# Flying with gulf air



## rsinner (Feb 3, 2009)

We are getting a very good deal with Gulf Air. However,we have never flown with them before and the reviews in general don't seem to be very good on the internet ( obviously there is always a bit of negative bias in such reviews as well, because people generally don't review unless they have to complain). The flight is longish ( about 9ish hours including transit in Bahrain). Has anyone flown with them recently? [the next cheapest flights are from Aeroflot and Ukraine Air which I am not taking; Qatar is the next option and about 50% more expensive; Emirates is more than double the fare]


----------



## Tropicana (Apr 29, 2010)

what route are you flying?

GF is definitely 2-3 steps below Etihad/QR/EK and the main hassle may be the transit in Bahrain. 

If you are flying with kids or someone aged, just forget GF and choose Emirates/Etihad

If you are travelling alone, and cash is a big concern then choose GF

All said, its the cash difference that matters: is it 1k or 4k between the 2?


----------



## webmongaz (Feb 2, 2011)

I say man up and think of the savings...


----------



## Felixtoo2 (Jan 16, 2009)

We flew to Thailand with them last Christmas and they're fine, the A320 from Dubai to Bahrain was brand new. The only real pain is hanging about between flights as the airport is pretty average.


----------



## basc (May 18, 2011)

Check them out on SkyTrax - Airline Reviews | Airport Reviews | Seat Reviews | Airline Ranking - reviewers appear just as likely to come on that site to leave a positive review as a negative one.


----------



## rsinner (Feb 3, 2009)

Actually i am traveling with our 2 year old son. The saving versus Etihad/qatar is about 4k. The saving compared to Emirates is about 8k. Hence the dilemma! 
The Skytrax reviews i guess are fairly balanced (as in I see there are positive as well as negative) but we are not the most finicky travellers ( p,us a part of the problem with a screaming child!). 4k is prolly equal to two nights in a hotel + good restaurants and drinks! Decisions decisions

tropicana - any reason why it is not okay with kids on gulf air?


----------



## Tropicana (Apr 29, 2010)

Its not gulf air that has a problem with kids, i just figured it would be too much hassle changing planes and transferring at Bahrain with a child

Is the 4k dhs or Rs?

If its dhs i would say its quite an amount, so the savings would be worth it


----------



## rsinner (Feb 3, 2009)

Tropicana said:


> Its not gulf air that has a problem with kids, i just figured it would be too much hassle changing planes and transferring at Bahrain with a child
> 
> Is the 4k dhs or Rs?
> 
> If its dhs i would say its quite an amount, so the savings would be worth it


4k Dhs. I guess i will just bite the bullet. 
Thanks to all for their help


----------



## Jynxgirl (Nov 27, 2009)

I flew with them to kuwait. Ver nice plane and everything on time. Very pleasant. I dont get this infatuation with paying double price for a ticket to be on emirates...


----------



## pamela0810 (Apr 5, 2010)

No guarantees on any aircraft but I would rather pay a little extra and trust in a more reputed airline. You're in a pressurized metal cabin over 30,000 feet up in the air with no control of the steering wheel.....that's risky enough for me.


----------



## Tropicana (Apr 29, 2010)

pamela0810 said:


> No guarantees on any aircraft but I would rather pay a little extra and trust in a more reputed airline. You're in a pressurized metal cabin over 30,000 feet up in the air with no control of the steering wheel.....that's risky enough for me.

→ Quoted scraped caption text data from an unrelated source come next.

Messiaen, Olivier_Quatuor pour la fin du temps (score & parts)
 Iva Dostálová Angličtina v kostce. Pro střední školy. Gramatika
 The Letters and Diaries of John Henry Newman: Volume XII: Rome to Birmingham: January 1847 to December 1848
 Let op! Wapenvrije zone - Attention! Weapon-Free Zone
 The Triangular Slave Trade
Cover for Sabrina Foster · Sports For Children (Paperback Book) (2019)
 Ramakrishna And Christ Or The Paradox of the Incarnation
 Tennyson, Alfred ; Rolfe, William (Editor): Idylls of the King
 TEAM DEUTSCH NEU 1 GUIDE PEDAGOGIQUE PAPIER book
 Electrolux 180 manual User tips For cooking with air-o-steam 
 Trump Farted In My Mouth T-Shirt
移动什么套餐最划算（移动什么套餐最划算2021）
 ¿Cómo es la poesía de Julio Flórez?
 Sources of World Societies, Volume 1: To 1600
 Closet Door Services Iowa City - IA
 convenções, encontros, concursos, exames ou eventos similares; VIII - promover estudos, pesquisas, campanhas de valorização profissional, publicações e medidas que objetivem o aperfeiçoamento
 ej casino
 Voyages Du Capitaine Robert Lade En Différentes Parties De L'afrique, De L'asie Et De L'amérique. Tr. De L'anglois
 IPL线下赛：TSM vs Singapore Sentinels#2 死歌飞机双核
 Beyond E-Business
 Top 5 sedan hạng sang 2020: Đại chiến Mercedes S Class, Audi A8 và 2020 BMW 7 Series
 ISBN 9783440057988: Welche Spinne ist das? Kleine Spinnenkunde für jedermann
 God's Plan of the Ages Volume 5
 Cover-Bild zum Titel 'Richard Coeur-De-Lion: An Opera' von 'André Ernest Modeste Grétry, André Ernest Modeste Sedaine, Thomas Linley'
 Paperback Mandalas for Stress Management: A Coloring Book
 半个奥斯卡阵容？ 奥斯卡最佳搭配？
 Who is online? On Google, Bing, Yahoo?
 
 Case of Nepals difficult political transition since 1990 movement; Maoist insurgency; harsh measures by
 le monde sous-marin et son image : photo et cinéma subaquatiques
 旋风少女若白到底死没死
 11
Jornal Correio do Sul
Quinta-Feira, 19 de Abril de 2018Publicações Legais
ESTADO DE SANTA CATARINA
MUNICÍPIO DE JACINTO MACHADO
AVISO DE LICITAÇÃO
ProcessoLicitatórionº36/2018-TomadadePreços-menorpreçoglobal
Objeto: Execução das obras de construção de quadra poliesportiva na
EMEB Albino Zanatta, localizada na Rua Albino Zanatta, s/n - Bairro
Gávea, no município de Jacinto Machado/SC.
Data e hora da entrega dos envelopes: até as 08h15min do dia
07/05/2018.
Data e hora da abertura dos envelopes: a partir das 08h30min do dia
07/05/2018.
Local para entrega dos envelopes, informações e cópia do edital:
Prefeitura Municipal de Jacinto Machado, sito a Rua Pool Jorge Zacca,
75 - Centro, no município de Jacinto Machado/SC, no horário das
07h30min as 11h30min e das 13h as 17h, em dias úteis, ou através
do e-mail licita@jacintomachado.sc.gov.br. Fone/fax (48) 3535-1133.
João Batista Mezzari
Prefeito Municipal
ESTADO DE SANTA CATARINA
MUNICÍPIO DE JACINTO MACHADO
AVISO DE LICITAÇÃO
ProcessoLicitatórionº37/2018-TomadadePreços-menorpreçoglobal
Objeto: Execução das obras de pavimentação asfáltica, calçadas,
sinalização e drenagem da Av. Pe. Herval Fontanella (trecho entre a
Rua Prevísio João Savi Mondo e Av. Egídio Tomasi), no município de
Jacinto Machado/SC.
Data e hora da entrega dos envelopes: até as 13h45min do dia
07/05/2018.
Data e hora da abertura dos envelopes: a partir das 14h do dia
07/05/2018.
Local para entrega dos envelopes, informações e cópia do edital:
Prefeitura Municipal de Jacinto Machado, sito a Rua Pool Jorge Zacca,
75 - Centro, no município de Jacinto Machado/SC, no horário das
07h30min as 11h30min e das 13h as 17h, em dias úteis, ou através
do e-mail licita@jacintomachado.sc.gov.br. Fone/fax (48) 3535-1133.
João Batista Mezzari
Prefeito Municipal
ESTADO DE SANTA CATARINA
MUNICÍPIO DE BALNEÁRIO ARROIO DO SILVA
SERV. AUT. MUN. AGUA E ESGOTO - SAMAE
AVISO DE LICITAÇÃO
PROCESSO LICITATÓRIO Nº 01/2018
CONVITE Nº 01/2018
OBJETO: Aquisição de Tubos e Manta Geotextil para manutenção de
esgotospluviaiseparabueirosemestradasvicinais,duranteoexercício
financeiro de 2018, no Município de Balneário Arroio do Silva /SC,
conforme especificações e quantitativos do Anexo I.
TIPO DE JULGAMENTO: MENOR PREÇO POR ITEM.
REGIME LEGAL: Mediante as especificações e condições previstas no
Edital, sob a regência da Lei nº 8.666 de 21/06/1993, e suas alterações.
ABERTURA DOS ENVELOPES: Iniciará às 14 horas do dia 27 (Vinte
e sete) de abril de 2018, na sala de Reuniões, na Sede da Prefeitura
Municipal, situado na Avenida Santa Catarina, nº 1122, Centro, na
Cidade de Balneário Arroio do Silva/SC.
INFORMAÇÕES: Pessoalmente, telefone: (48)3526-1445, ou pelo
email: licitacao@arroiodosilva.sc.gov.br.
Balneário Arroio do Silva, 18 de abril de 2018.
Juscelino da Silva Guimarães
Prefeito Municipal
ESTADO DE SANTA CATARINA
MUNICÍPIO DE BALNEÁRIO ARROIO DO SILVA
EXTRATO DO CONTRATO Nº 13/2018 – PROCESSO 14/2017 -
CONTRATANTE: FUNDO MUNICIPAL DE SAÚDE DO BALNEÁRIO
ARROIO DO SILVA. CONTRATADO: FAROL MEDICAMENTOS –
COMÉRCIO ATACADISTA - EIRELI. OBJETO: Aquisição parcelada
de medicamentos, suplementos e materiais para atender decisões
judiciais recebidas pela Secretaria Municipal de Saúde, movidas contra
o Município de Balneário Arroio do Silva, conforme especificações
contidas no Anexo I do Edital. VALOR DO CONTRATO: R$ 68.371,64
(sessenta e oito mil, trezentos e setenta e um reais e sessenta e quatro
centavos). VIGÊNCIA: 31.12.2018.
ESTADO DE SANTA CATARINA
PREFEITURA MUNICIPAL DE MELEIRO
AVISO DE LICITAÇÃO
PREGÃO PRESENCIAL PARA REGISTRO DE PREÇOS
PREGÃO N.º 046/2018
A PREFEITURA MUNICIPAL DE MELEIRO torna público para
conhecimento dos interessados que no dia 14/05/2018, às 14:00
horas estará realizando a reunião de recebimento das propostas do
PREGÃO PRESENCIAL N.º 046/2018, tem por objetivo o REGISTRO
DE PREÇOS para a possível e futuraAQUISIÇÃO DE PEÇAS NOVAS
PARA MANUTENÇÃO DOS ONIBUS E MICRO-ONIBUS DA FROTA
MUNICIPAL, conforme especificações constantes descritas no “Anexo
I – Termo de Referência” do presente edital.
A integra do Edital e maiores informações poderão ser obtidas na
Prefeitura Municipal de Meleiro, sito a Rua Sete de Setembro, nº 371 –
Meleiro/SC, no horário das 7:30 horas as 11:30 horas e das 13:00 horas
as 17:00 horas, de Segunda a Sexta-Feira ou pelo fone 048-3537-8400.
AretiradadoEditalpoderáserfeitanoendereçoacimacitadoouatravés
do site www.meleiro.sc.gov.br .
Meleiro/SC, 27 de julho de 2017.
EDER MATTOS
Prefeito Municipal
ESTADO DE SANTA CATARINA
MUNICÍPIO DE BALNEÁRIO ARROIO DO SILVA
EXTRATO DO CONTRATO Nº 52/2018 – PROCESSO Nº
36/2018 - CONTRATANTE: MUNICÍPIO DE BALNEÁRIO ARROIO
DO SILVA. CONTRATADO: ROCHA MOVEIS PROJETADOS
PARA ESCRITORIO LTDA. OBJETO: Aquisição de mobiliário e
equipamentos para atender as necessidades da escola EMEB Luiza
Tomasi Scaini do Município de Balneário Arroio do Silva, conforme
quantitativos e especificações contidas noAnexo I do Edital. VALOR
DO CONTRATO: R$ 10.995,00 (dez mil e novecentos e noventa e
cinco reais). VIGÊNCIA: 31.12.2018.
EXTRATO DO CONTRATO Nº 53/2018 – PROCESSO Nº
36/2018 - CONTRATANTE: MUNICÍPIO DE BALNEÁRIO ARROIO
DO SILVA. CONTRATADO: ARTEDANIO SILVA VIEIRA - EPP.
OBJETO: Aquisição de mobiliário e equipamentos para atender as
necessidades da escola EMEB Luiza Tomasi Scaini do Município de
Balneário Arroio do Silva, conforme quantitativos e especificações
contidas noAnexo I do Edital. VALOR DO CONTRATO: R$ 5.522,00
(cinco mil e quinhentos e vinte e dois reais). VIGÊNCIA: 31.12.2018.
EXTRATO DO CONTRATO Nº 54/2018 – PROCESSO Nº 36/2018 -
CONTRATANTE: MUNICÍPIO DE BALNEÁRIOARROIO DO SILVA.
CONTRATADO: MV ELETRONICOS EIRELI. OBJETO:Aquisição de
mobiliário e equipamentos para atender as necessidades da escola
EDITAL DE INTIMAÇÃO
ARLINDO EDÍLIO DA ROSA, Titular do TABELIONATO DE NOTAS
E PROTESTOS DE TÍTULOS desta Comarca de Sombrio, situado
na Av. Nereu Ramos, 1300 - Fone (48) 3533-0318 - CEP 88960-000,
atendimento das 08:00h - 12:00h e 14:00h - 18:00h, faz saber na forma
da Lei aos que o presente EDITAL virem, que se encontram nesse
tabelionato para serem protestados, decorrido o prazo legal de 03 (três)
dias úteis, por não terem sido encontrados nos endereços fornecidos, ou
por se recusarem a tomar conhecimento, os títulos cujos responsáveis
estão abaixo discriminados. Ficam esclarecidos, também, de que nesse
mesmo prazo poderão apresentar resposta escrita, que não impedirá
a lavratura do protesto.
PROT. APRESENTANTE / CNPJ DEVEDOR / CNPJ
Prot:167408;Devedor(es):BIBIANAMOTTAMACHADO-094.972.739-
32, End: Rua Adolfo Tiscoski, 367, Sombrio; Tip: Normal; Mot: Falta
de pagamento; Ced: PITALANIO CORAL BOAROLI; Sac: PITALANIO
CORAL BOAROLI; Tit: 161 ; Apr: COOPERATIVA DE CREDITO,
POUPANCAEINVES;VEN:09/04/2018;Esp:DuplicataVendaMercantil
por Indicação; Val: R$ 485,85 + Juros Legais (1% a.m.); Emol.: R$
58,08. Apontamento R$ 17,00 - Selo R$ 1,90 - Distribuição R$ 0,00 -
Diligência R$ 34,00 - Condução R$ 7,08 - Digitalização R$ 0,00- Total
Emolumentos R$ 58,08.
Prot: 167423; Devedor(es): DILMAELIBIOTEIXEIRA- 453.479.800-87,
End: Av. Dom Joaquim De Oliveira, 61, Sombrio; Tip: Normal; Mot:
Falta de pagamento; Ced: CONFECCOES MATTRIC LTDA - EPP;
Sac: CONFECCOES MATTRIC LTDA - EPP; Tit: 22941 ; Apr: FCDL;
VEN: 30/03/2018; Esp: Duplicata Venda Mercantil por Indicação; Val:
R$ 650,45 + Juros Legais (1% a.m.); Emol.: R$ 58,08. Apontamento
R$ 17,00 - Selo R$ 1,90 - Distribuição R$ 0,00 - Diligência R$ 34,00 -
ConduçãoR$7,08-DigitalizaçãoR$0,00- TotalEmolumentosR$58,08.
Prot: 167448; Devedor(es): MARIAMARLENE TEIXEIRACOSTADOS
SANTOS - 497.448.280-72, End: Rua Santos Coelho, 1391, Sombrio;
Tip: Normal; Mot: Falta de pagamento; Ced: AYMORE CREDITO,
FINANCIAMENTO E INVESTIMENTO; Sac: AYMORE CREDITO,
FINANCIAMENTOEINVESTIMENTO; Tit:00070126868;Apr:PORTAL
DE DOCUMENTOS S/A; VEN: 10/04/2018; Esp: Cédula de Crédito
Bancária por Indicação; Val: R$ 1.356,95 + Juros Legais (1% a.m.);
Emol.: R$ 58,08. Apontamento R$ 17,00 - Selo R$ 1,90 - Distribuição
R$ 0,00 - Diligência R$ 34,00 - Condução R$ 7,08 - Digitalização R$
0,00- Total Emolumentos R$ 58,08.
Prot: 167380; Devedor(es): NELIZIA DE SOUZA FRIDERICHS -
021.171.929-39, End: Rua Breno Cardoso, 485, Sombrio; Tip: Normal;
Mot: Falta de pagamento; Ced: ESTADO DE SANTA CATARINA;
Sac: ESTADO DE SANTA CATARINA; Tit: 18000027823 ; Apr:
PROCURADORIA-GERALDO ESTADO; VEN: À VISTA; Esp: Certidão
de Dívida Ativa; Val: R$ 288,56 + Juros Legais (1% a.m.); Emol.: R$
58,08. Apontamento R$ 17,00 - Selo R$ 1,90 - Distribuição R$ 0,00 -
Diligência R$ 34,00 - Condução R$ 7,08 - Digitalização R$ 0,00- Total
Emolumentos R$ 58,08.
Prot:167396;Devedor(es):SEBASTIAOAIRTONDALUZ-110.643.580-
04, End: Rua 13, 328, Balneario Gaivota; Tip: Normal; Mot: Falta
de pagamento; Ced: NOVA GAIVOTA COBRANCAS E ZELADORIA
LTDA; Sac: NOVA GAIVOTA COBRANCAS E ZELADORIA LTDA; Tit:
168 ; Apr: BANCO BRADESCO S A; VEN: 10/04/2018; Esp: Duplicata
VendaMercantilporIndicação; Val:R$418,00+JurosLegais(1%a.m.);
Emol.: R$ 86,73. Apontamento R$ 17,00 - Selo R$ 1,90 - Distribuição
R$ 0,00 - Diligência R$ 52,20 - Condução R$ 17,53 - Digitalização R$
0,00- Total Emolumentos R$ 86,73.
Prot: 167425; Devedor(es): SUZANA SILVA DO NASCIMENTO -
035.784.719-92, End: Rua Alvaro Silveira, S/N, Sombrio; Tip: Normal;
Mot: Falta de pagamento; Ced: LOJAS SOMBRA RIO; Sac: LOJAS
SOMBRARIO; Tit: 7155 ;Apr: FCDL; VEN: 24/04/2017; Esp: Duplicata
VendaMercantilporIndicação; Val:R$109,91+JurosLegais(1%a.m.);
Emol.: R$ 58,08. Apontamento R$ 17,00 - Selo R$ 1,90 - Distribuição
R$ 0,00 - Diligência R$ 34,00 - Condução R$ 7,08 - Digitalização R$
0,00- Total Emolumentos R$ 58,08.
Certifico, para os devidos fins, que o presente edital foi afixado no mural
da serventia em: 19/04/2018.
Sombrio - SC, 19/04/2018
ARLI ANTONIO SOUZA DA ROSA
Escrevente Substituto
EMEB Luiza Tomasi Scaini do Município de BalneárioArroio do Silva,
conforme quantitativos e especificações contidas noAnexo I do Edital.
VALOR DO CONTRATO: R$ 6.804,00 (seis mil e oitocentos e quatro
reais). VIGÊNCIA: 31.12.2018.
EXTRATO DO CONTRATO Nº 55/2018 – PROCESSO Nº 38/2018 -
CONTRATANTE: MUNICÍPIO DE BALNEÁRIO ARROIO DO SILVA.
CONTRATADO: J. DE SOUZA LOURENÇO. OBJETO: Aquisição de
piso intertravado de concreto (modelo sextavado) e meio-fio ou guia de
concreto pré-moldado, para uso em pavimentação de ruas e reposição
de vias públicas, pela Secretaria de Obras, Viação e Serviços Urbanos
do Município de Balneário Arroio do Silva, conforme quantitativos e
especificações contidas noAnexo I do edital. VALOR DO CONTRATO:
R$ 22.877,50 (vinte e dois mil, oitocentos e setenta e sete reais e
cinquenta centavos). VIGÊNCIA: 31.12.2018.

That may be relevant when choosing between lets say Lufthansa and a no name Russian carrier but i dont think it makes a difference between EK and Gulf Air


----------



## XDoodlebugger (Jan 24, 2012)

pamela0810 said:


> No guarantees on any aircraft but I would rather pay a little extra and trust in a more reputed airline. You're in a pressurized metal cabin over 30,000 feet up in the air with no control of the steering wheel.....that's risky enough for me.


I started flying Gulf Air in 1984. I hated the flight from Bahrain to Thailand back in the late 80's because they were flying L1011's in a 3-4-3 config and it was incredibly cramped. Their other planes were fine.

Now Emirates flies their 777's in a 3-4-3 config and almost everyone else is 3-3-3. Gulf flies A330's and A340's in a 2-4-2 config (same as Emirates but they have more 777's). Not sure why anyone would pay extra to be more cramped. 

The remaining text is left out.